2002 Salt Lake City (Short Track Speed Skating)
Apolo Ohno was already burgeoning as the sport’s first mainstream star when, over a four-day stretch, he earned silver and gold medals in unexpected fashion. First, he flailed on his hands and knees across the finish line for silver in the 1000m after he and three other skaters fell in the final turn, going for gold. Australian underdog Steven Bradbury took the win as the only man left standing, but Ohno was praised for his grit and quick thinking. Then came the real controversy in the 1500m final. Ohno originally finished second again, this time to South Korean Kim Dong-Sung, but Kim was disqualified moments later for bumping Ohno during the race. Kim, on a victory lap, threw a South Korean flag onto the ice. The fallout continued. By various accounts, Ohno was dubbed “the most hated athlete in South Korea” by a Seoul newspaper and when he later returned for a World Cup competition there, he was accompanied by 100 police officers in riot gear at the airport. At the 2002 FIFA World Cup, South Korean Ahn Jung-Hwan referenced the DQ in a goal celebration of a 1-1 tie with the U.S., mimicking a short track skater’s striding motion. “We knew that our people still have some grudge against the United States for the skating incident, so we wanted to allay that with the goal ceremony,” Ahn told reporters after the game.

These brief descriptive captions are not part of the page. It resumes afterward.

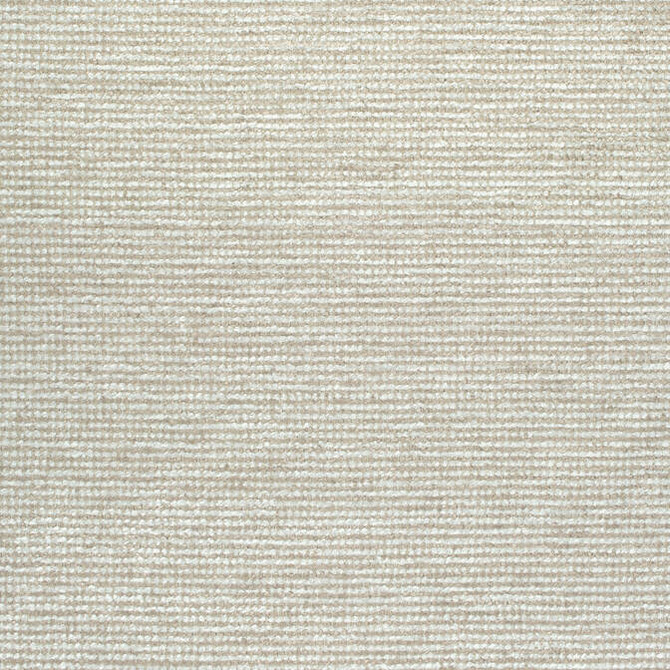 Thibaut Fabric Milo Linen W73315 Fabric 54%Ray,30%Poly,16%Cot-acr back U.S.A. 50000 </p><p>Repeat: V: - 54 - My Fabric Connection -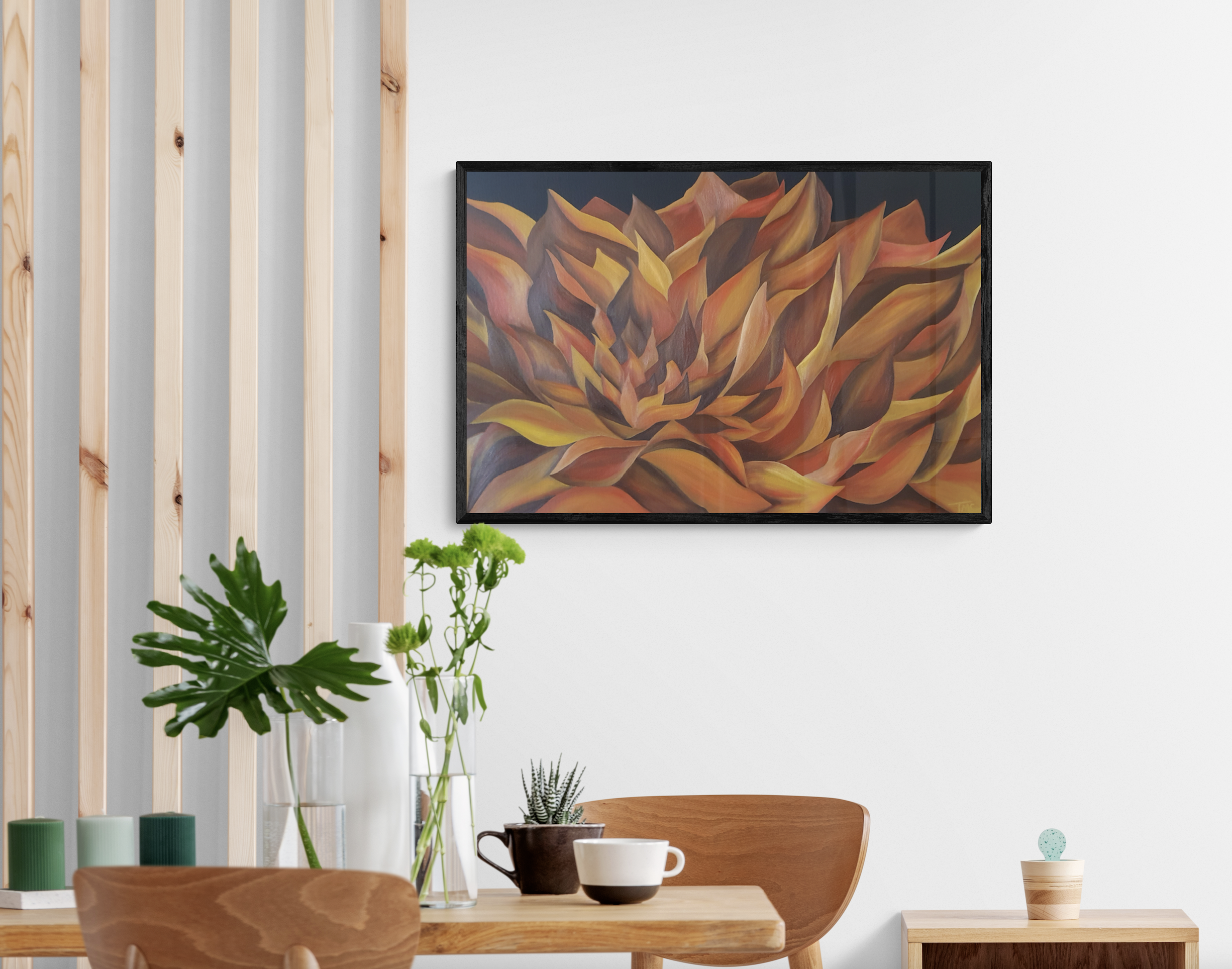 Screen Shot 2021 09 11 At 4.11.15 Pm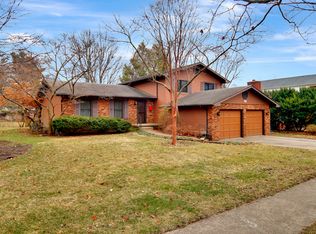 2118 S Vine St, Urbana, IL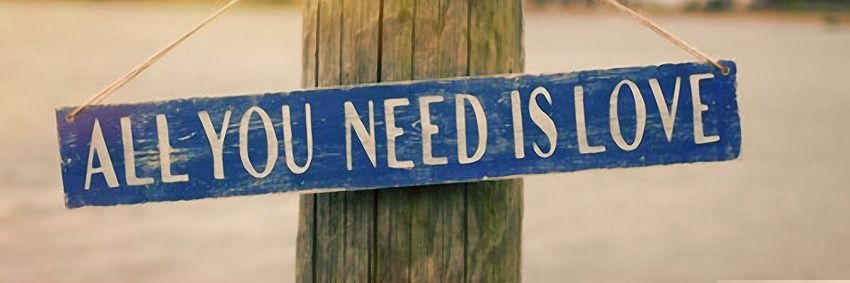 Rodrigo Jourdán banner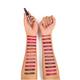 Insight Cosmetics 24Hrs Non Transfer Matte Lipstick - Versatile 3 gm - Lipsticks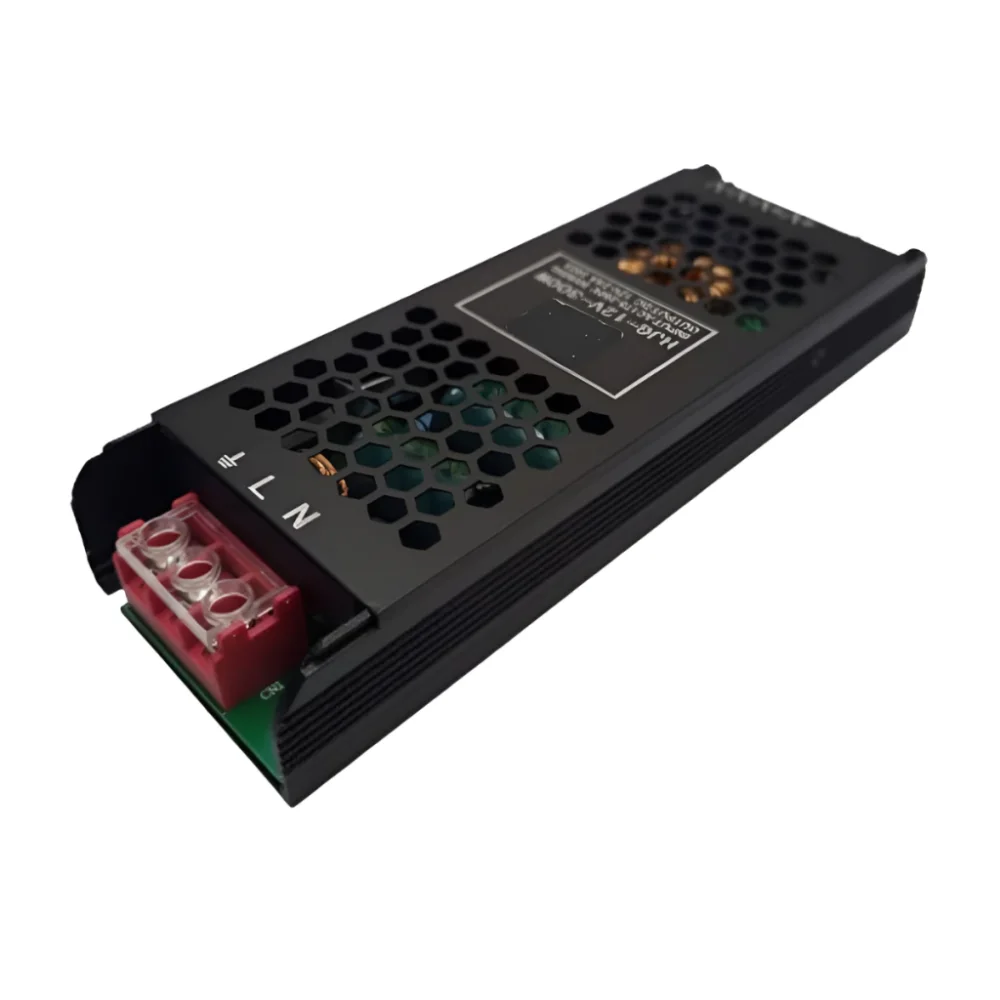 FUENTE SLIM - 16.5A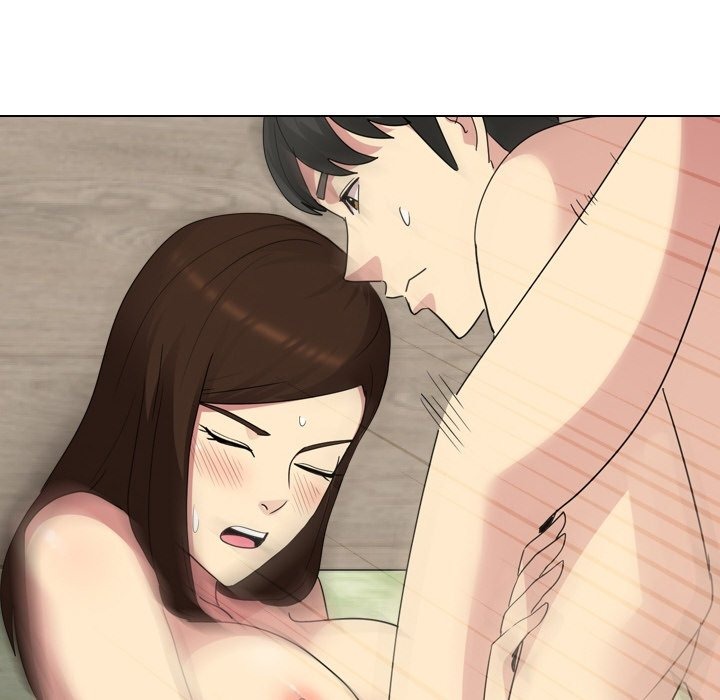 Misplaced (Midam) chapter 18 page 74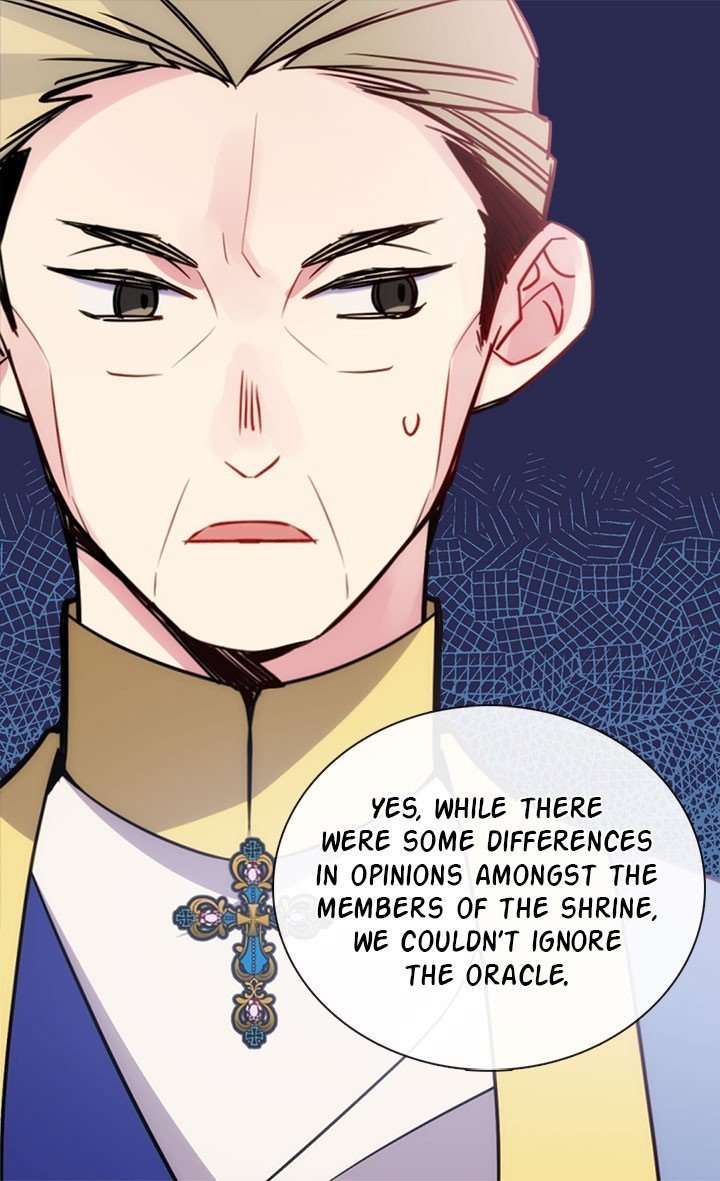 Read Adelaide EN Manga Online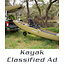 Fogh Marine Classified Ad Listing Payment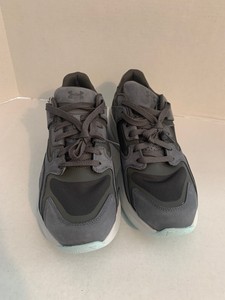 under armour forge 96 grey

2002 Salt Lake City (Figure Skating)
An unprecedented second set of gold medals was awarded to Canadians Jamie Sale and David Pelletier in the pairs’ event after a French judge said she was pressured to rank them below Russians Yelena Berezhnaya and Anton Sikharulidze in what turned out to be a 5-4 judges’ decision. Later that year, figure skating’s judging system was overhauled. The 6.0 scale was thrown out. A code of points was instituted that, while undergoing tweaks, is still in place today.

2004 Athens
Gymnastics judging imbroglios in Greece ultimately helped expedite that sport’s judging system change. In the men’s all-around final, South Korean Yang Tae-Young‘s parallel bars score was protested by his federation two days after the event for having a start value one tenth too low. Had it been a tenth higher, Yang would have earned gold rather than the bronze behind American champion Paul Hamm. The International Gymnastics Federation ruled that Yang’s start value should have been a tenth higher but did not change the results (the Americans also noted that Yang was not penalized two tenths during his routine for having too many hangs). Nevertheless, FIG president Bruno Grandi then wrote Hamm a letter urging him to give the gold medal to Yang. A final South Korean appeal to the Court of Arbitration for Sport was denied, in part because the original protest was filed too late. Hamm remains the gold medalist. Later in the Athens Games, a booing crowd led to a score upgrade for Russian Alexei Nemov in the high bar final. Hamm was the next man up who had to wait nearly 10 minutes before the episode ended. Hamm ultimately earned silver, losing a tiebrearker to Italian Igor Cassina.